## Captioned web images
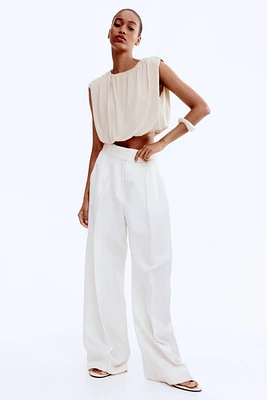 Draped cropped top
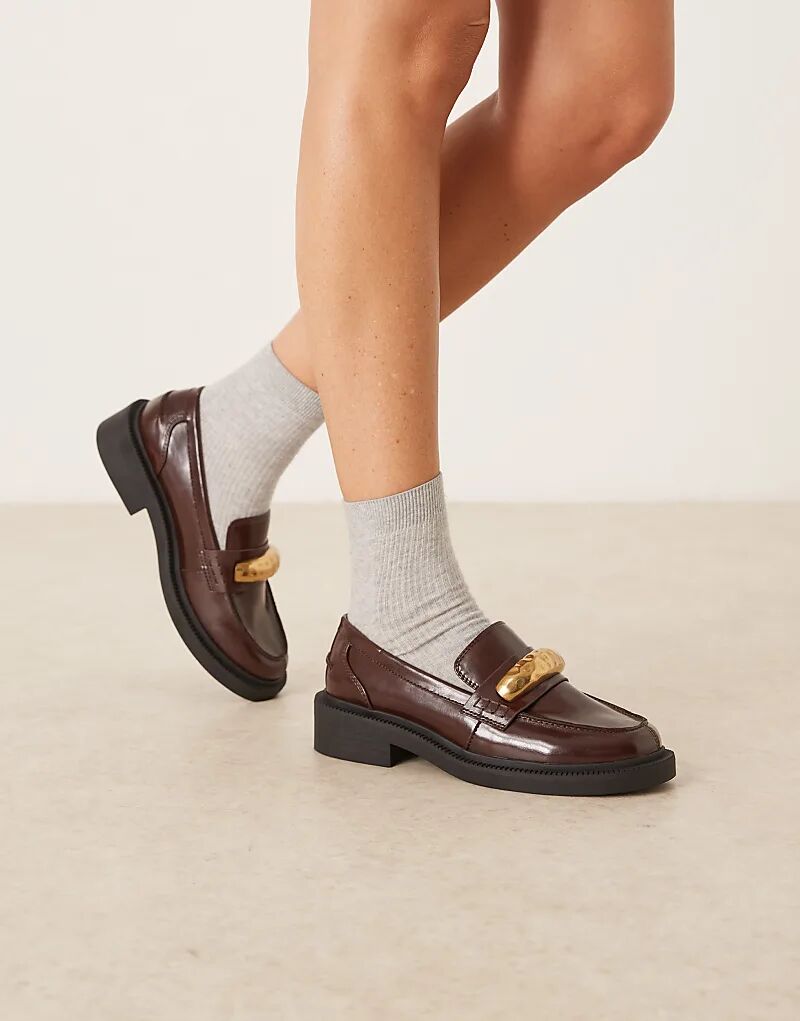 Широкие лоферы ASOS DESIGN с отделкой Mistral коричневого цвета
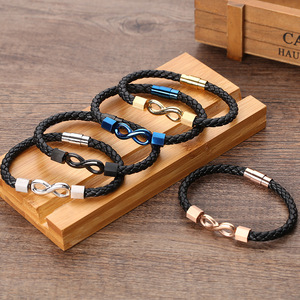 Pulsera de Cuero Trenzado para Hombre, Estilo Coreano, Accesorio de Moda, Venta al Por Mayor del Fabricante, Disponible en Stock - Product Image 5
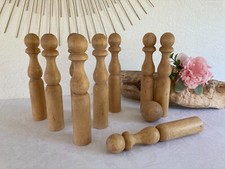 525 ⚜️ Decoration set of 9 wooden pins a ball height 24 cm vintage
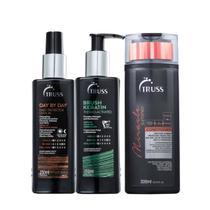Kit Condicionador Miracle Summer Truss 300ml + Day By Day Truss 250ml + Brush Keratin Truss 250ml Kit Condicionador Miracle Summer Truss 300ml + Day By Day Truss 250ml + Brush Keratin Truss 250ml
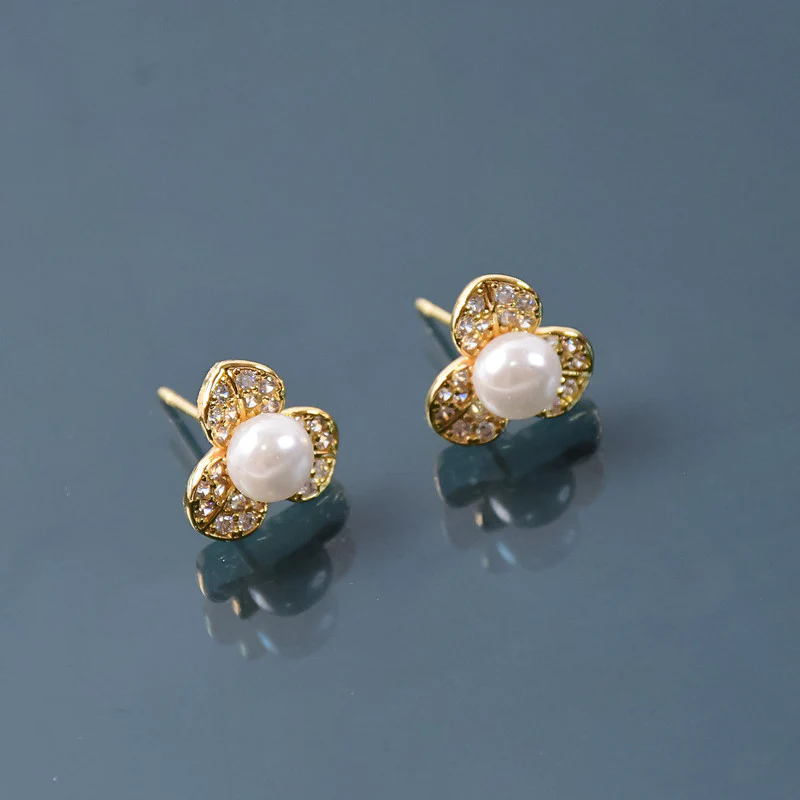 Pearl Center Clover Design Stud Earrings with Gold Finish for Women - Image 3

## TO DO
Repeat the entries exactly and keep the pictures out of the copy.

## FINAL ANSWER
 Draped cropped top
 Широкие лоферы ASOS DESIGN с отделкой Mistral коричневого цвета
 Pulsera de Cuero Trenzado para Hombre, Estilo Coreano, Accesorio de Moda, Venta al Por Mayor del Fabricante, Disponible en Stock - Product Image 5
 525 ⚜️ Decoration set of 9 wooden pins a ball height 24 cm vintage
Kit Condicionador Miracle Summer Truss 300ml + Day By Day Truss 250ml + Brush Keratin Truss 250ml Kit Condicionador Miracle Summer Truss 300ml + Day By Day Truss 250ml + Brush Keratin Truss 250ml
 Pearl Center Clover Design Stud Earrings with Gold Finish for Women - Image 3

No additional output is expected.